#### [Exercise prompt]
The reply should contain the full listing exactly as written and no pictures at all.

(Beginning of Given material)

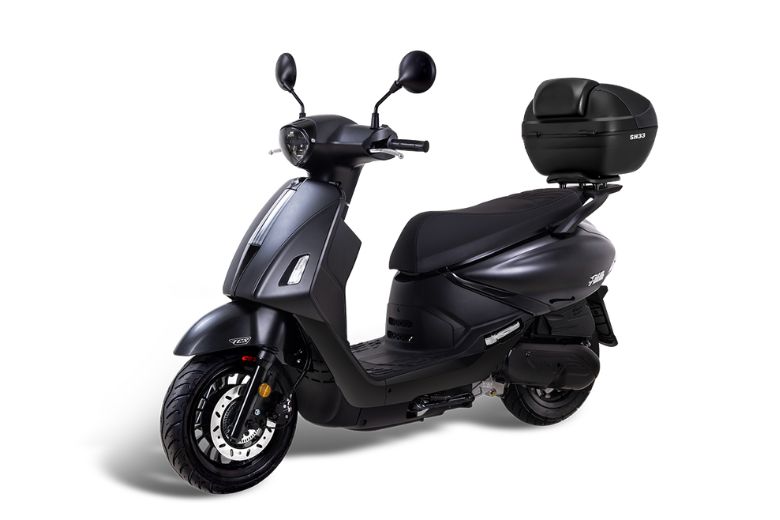 Gamma Euro 5+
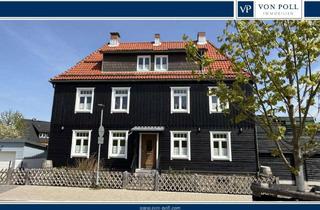 Haus kaufen in 38700 Braunlage, Saniertes, freistehendes Objekt mit bis zu 5 Einheiten im Zentrum von Braunlage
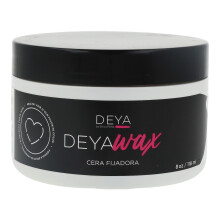 DEYA Haarwachs Fixiercreme, Langanhaltende Kontrolle, 8 oz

(End of Given material)

#### [Response]
 Gamma Euro 5+
 Haus kaufen in 38700 Braunlage, Saniertes, freistehendes Objekt mit bis zu 5 Einheiten im Zentrum von Braunlage
 DEYA Haarwachs Fixiercreme, Langanhaltende Kontrolle, 8 oz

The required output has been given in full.